Aujourd’hui, le Canada est reconnu pour être un pays majoritairement avancé dans le domaine de la santé et sécurité au travail. Il s’est endurci durant les dernières années, mais beaucoup de travail a été fait pas des syndicalistes qui se sont battus pour l’environnement de travail des Canadiens et Canadiennes. Des règlements sont en place, mais d’où vient l’origine de ces mises en application de ces lois ? Plusieurs mouvements ont fait en sorte d’améliorer les droits des travailleurs comme la Loi sur les accidents du travail, dont nous avons récemment raconté les origines. Maintenant nous allons aborder l’historique de la Loi sur la santé au travail, un des piliers pour les droits des travailleurs et travailleuses au Canada.

En 1972, la province de la Saskatchewan prend la décision d’adopter une nouvelle loi : Occupation Health Act, qui se traduit en français la Loi sur la santé au travail. Cette loi est importante étant donné qu’elle est la première de ce genre en Amérique du Nord, t qu’elle constitue une base pour les lois futures concernant les travailleurs et travailleuses au Canada. Dans cette loi, trois droits importants sont nommés afin de protéger les travailleurs et travailleuses :

  1. le droit d’être informé des risques et dangers existants sur le lieu de travail,
  2. le droit de prendre part aux questions de santé et sécurité par l’intermédiaire d’un comité en milieu de travail,
  3. le droit de refuser d’effectuer des tâches dangereuses[1].
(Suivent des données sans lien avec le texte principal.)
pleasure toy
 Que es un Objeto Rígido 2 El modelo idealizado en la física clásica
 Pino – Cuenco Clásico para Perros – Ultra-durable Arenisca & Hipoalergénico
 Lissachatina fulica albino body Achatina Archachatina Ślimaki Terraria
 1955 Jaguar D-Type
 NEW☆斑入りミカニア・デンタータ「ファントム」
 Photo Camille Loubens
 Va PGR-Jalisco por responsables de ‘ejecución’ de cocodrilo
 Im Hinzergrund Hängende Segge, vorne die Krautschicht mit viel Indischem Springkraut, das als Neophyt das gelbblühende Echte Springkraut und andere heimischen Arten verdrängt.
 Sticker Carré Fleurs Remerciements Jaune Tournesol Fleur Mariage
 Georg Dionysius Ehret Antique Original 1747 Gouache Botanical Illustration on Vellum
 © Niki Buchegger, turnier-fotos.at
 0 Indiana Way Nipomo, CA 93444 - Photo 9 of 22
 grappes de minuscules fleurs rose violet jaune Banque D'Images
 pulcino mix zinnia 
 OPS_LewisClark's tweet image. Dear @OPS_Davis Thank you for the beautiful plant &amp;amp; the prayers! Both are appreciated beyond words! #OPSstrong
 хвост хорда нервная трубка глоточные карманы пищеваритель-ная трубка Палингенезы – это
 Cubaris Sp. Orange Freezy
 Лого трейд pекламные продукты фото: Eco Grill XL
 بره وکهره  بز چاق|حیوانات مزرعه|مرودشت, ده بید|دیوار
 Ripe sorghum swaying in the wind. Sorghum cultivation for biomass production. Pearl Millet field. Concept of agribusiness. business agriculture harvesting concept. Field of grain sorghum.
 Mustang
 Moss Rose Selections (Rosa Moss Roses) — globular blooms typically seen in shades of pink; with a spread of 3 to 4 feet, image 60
Deux ans plus tard, soit en 1974, dans le nord de l’Ontario, un groupe de mineurs décide de déclencher une grève pour manifester contre la dangerosité de leur environnement de travail. C’est par la suite que le gouvernement provincial de l’Ontario met sur pied une commission royale dirigée par James Ham : Royal Commission on the Health and Safety of Workers in Mines (Commission royale sur la santé et la sécurité des travailleurs des mines ou Rapport Ham), laquelle avance plus de 100 recommandations sur la santé et la sécurité des travailleurs. Suite au rapport de James Ham, des comités sont créés, véritable mélange entre les ouvriers et la direction afin de discuter du sujet plus ouvertement. Lors de l’adoption de la Loi sur la santé et sécurité, en 1978, ces recommandations n’ont toutefois pas été prises en compte.

La même année de l’adoption de cette loi, le Centre canadien d’hygiène et de sécurité au travail (CCHST), un organisme du gouvernement du Canada, est créé par une loi du Parlement.

Le CCHST est mandaté pour prendre des mesures en faveur de lieux de travail sûrs et sains pour aider à prévenir les accidents et les maladies qui surviennent au travail. Le Centre est administré par un Conseil représentant les trois principales parties intéressées : le gouvernement, les employeurs et les travailleurs[2].

En somme, aujourd’hui tous les travailleurs canadiens sont protégés par un Code du travail fédéral et les codes du travail des provinces en fonction des secteurs dans lesquels ils travaillent. Statistique Canada a élaboré un tableau illustrant le nombre d’accidents au travail par 1 000 travailleurs occupés, qui démontre qu’une différence de 20 accidents de moins par 1 000 travailleurs occupés a été observée entre 1988 et 2006, réduisant ainsi de moitié les accidents sur les lieux de travail.

Un travailleur salarié sur 50 s’était blessé au travail en 2006 et recevait en contrepartie une indemnité d’accidents du travail. Le travail constitue une grande partie de votre vie, et certaines persopnes vivent pour travailler. C’est pour cette raison qu’il ne faut pas sous-estimer le fait de prendre soin de soi et de sa santé pour donner le meilleur de soi-même dans sa vie personnelle et professionnelle.